Teachings of Presidents of the Church—Brigham Young, p. 145:

On the day after arriving in the Salt Lake Valley, President Brigham Young spoke briefly to the pioneer camp concerning observance of the Sabbath. With a wilderness to tame, crops to be planted, and other pressing work of the time, he informed the brethren...they must not work on Sunday, that (if they did) they would lose five times as much as they would gain by it, and they must not hunt or fish on that day. He remarked that there would be a meeting every Sabbath in this place or wherever we stop (WWJ, 25 July 1847).


By forsaking our field for a season, to gather together to worship our God, I can assure you that our crops will be better than they would be if we were to spend all our time in our fields. We may water and plant and toil, but we should never forget that it is God who gives the increase; and by meeting together, our health and spirits will be better, we will look better, and the things of this world will increase around us more, and we will know better how to enjoy them. (DBY, 167)


We should observe (the Sabbath) for our own temporal good and spiritual welfare. When we see a farmer in such a hurry, that he has to attend to his harvest, and to haying, fence-making, or to gathering his cattle on the Sabbath day, as far as I am concerned, I count him weak in the faith. He has lost the spirit of his religion, more or less. Six days are enough for us to work (see Exodus 20:9-11), and if we wish to play, play within the six days; if we wish to go on excursions, take one of those six days, but on the seventh day, come to the place of worship. (DBY, 165)
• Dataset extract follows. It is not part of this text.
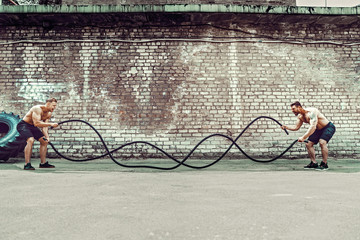 Two muscular athletes training, working out with rope in front of brick wall. Scream. Working hard. Street gym. Strength and motivation. Outdoor workout.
Instead of suffering our labors to occupy the Sabbath,...we should do as little as possible; if it is necessary to cook food, do so; but even if that could be dispensed with, it would be better. As to keeping the Sabbath according to the Mosaic law, indeed, I do not; for it would be almost beyond my power. Still, under the new covenant, we should remember to preserve holy one day in the week as a day of rest—as a memorial of the rest of the Lord and the rest of the Saints; also for our temporal advantage, for it is instituted for the express purpose of benefiting man. It is written in this book (the Bible), that the Sabbath was made for man. It is a blessing to him. As little labor as possible should be done upon that day; it should be set apart as a day of rest, to assemble together in the place appointed, according to the revelation (see D&C 59:10-12), confessing our sins, bringing our tithes and offerings, and presenting ourselves before the Lord. (DBY, 164)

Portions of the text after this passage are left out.